When Lucy’s betrothed heard that the money he would have received when he married her was being given to the poor, he confronted the women, who revealed that Lucy would not be marrying him and the reason. In anger, the spurned suitor denounced her to Paschasius, the governor of Syracuse, who ordered her to offer a sacrifice to the image of the emperor. When she refused, she was sentenced to be sent to a brothel.
Since this happened to both Sts. Agnes and Agatha, it is common for scoffers to claim that the Actae of these virgin martyrs are simply the same story retold with different names and slightly different details. However, it is likely that this was standard practice for the Romans, who had a documented hang-up with killing virgins. Also, unlike the aforementioned saints, Lucy never made it to the brothel. When the soldiers came to drag her there, they were unable to move her, even after hitching a team of oxen to pull her there. Now fearful that she was a witch, they piled bundles of wood around her to burn her, but they were not able to light them. Lucy then received her martyr’s crown via a sword thrust through her throat.
It is said that before her death, St. Lucy prophesied that Diocletian, Augustus of the East, and Maximian, Augustus of the West, would cease to rule and that the Persecution would soon end. Assuming that her feast day, December 13, is the day of her death, less than six months later Diocletian and Maximian abdicated and were succeeded by their Caesars: Galerius and Constantius Chlorus, respectively. Although Galerius himself had been the mastermind of the Presecution and continued to persecute Christians in the East, Constantius had somewhat of a sympathy toward Christians, likely due to St.
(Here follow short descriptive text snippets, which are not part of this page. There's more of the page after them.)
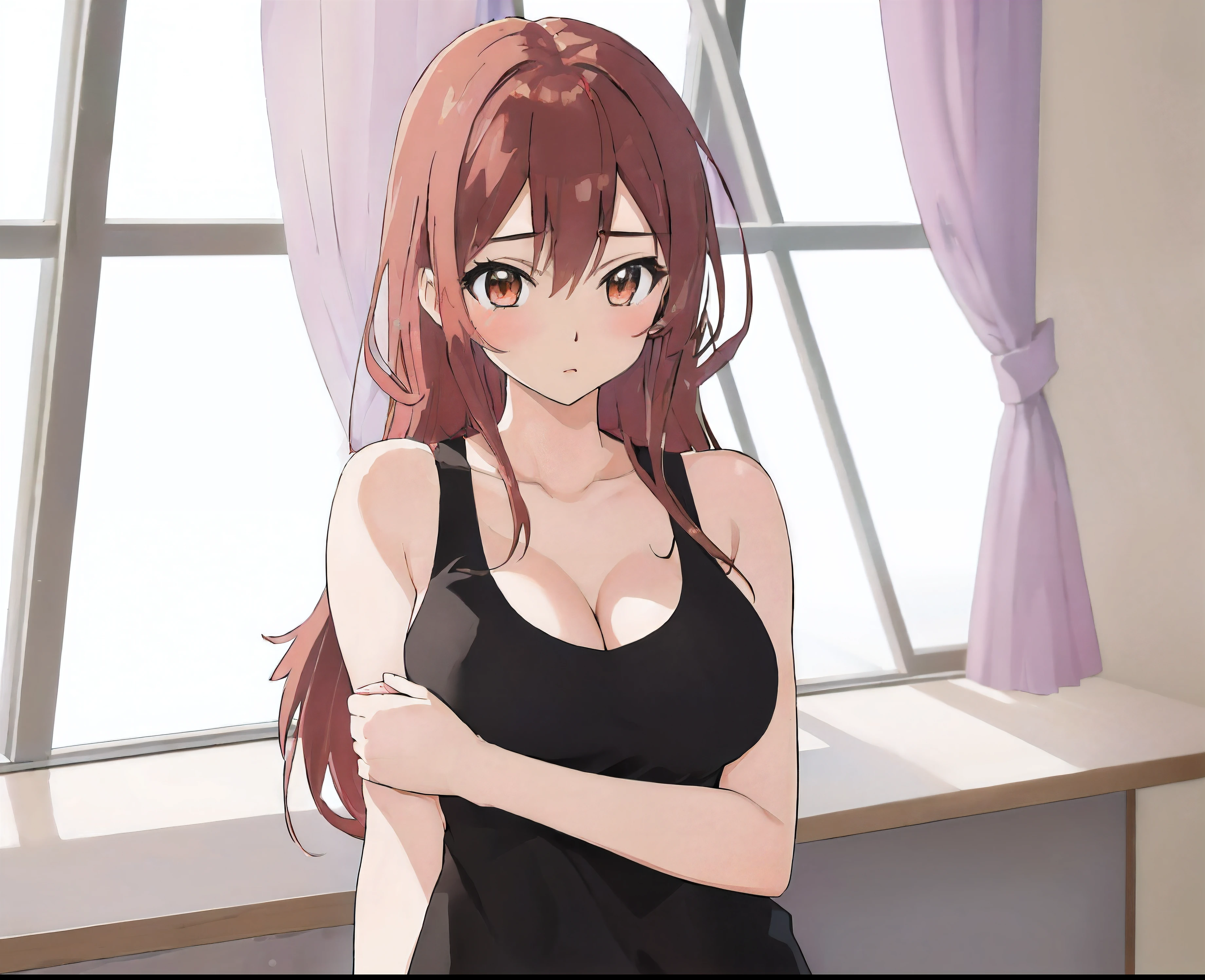 レッドの髪のアニメのgirl, girl, classic girl, , girl, girly romance, official art, ポニーテール髪のgirl, セミロングヘアーの赤髪のgirl, big breasts, big breasts, artistic, clothing:black vest, anime dick!!!!, Upper body only, standing, girlが見つめている, Hino Rei as princess,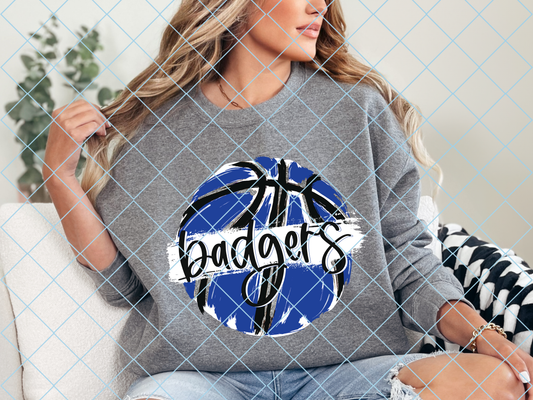 Badger Basketball Messy Paint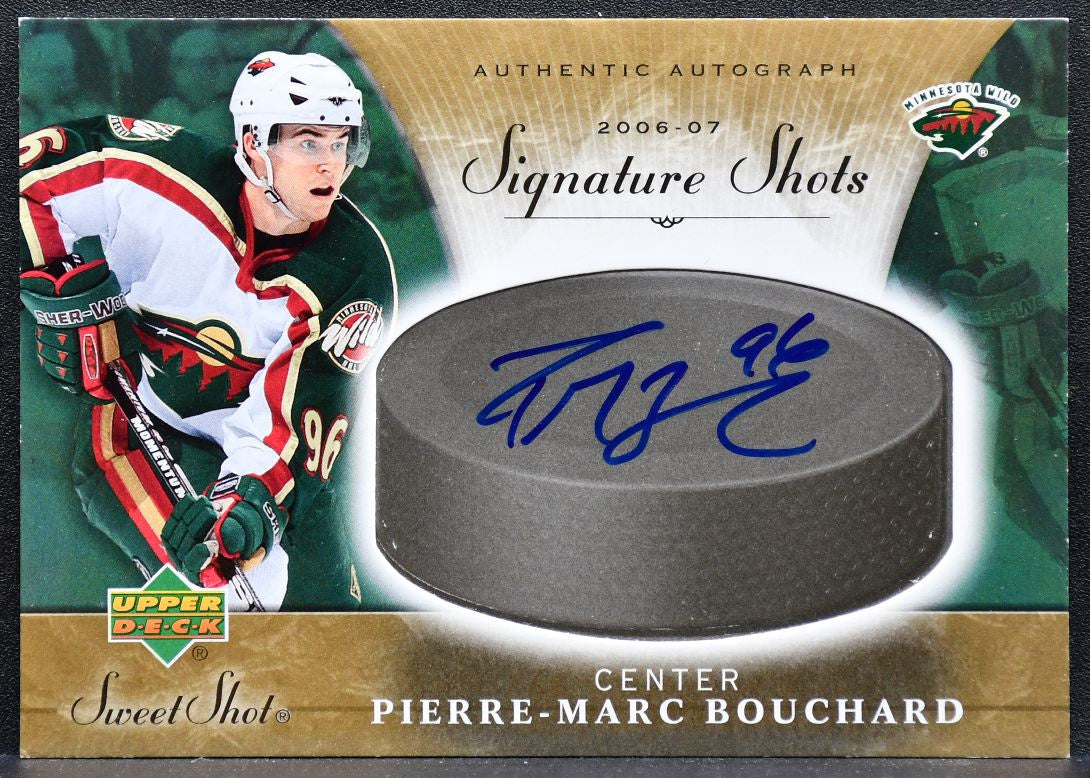 2006-07 UD Sweet Shot Signature Shots Pierre-Marc Bouchard Wild Auto 8122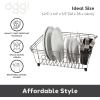 imageOGGI Large Dish Drying Rack  White ampamp Bamboo Dish Drying Rack Drying Rack Kitchen Dish Rack Dish Racks for Kitchen Counter Durable Coated Steel Kitchen Drying Rack with Cutlery HolderBlack Chrome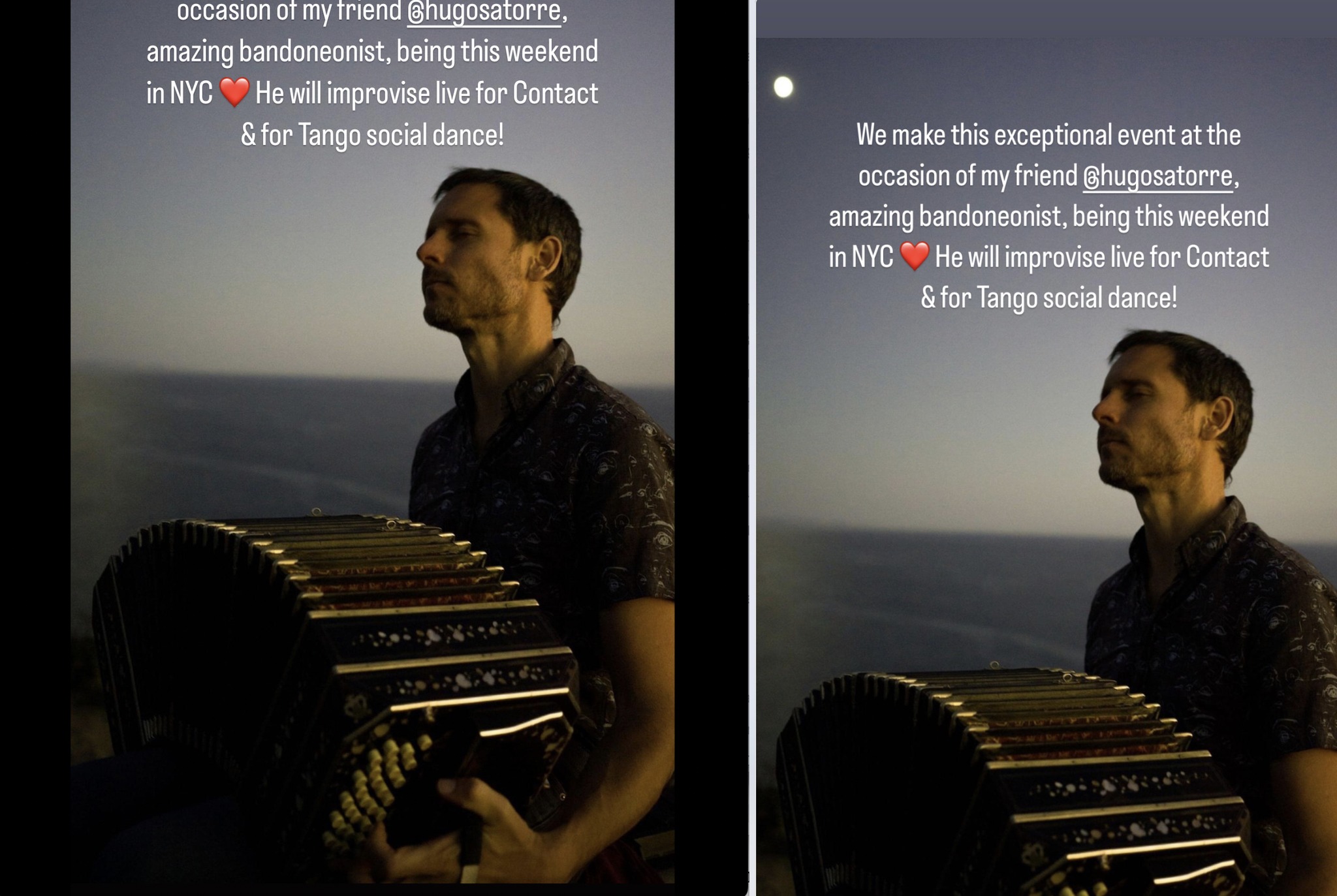 LIVE BANDONEON & Barefoot TANGO, CONTACT & Blues dance interlaced Practice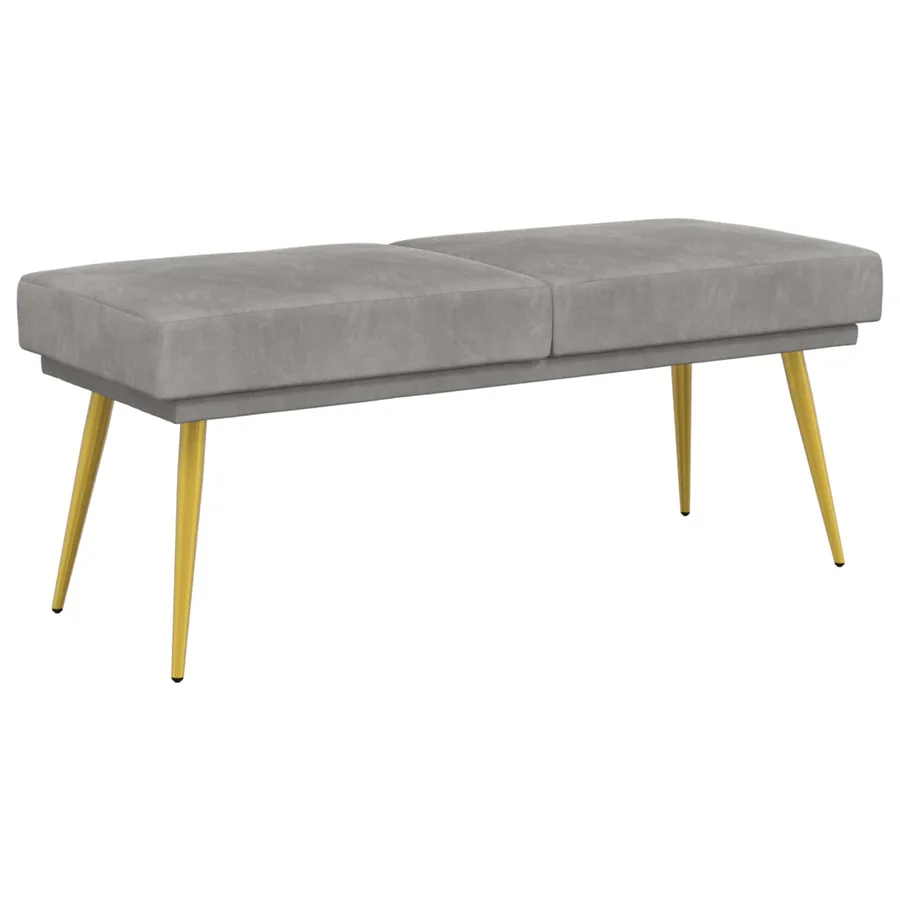 Banc à double couche Gris clair 120 x 45 x 46 cm Velours - 2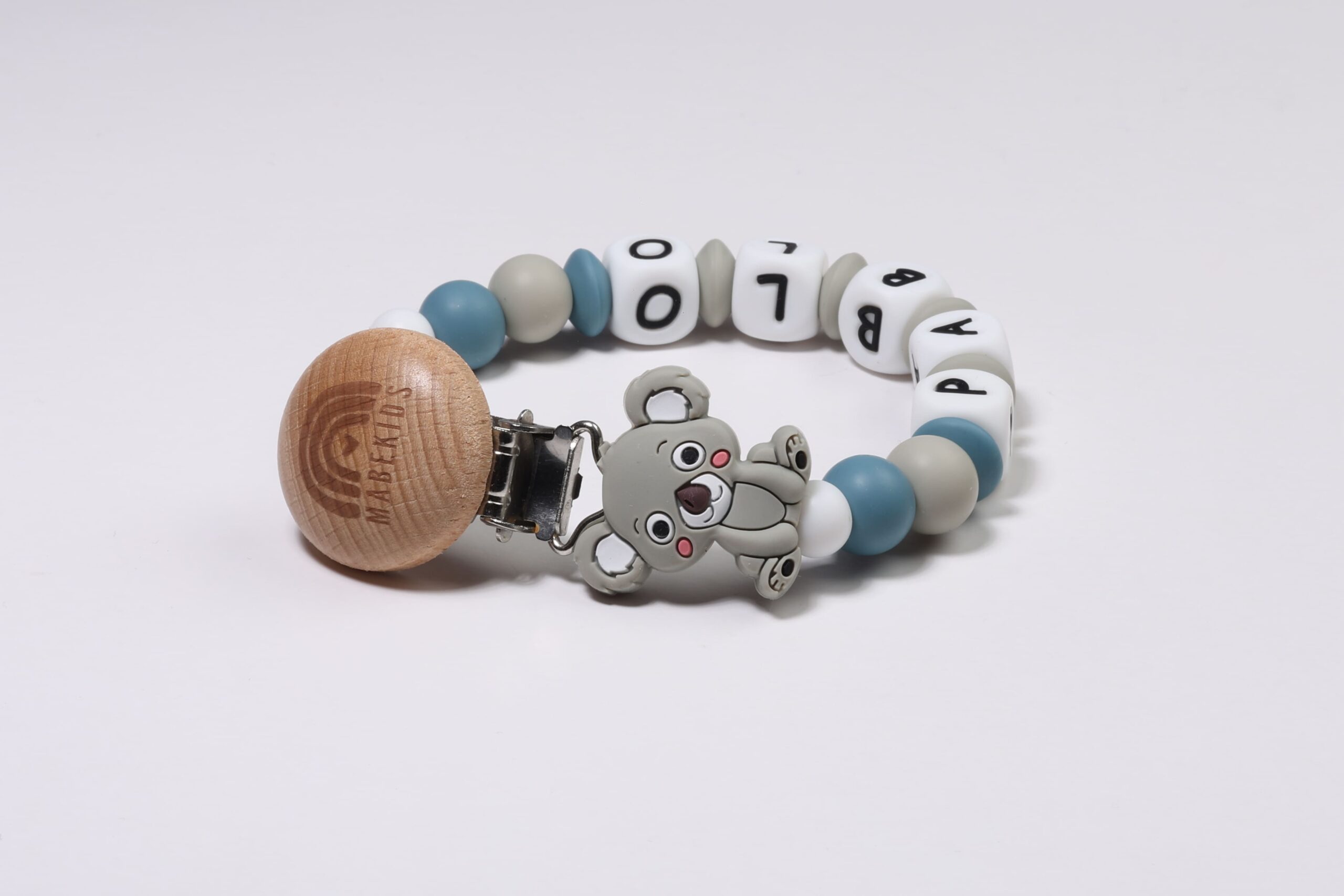 Chupetero Nombre Personalizado silicona Gray Koala - Imagen 2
Helena, the mother of his son Constantine, who may have already been a Christian. The territory of Constantius included Italy, thus the Persecution ended there, fulfilling. Even Galerius, before his death in A.D. 311, would end the Persecution and ask for the prayers of the Christians for his health.
St. Lucy is traditionally depicted in iconography with her eyes on a small plate. The tradition differs on how exactly her eyes were removed. Either it was done as part of her torture or she removed them herself to give to a young man who expressed admiration for them, saying she would no longer need them where she was going. When she was buried, the eyes had miraculously been restored, even more beautiful than they had been in life.
Thus, from Sicily, come two virgin-martyrs who suffered not only for their Faith, but for their decision, born out of that Faith, to consecrate their whole selves to their God and Savior, the true Bridegroom. Of course, for Romans, such a thing was unheard of as even the Vestal Virgins eventually married at the end of their terms of service. For the Romans, a woman either belonged to one man or was available for every man to use, thus the condemnation to the brothel. It is also noteworthy that both Sts. Agatha and Lucy are portrayed in sacred art with a plate holding a part of their body, normally associated with feminine beauty, that had been removed as part of their tortures but what was miraculously restored.
Sts. Agatha and Lucy, virgins and martyrs, orate pro nobis!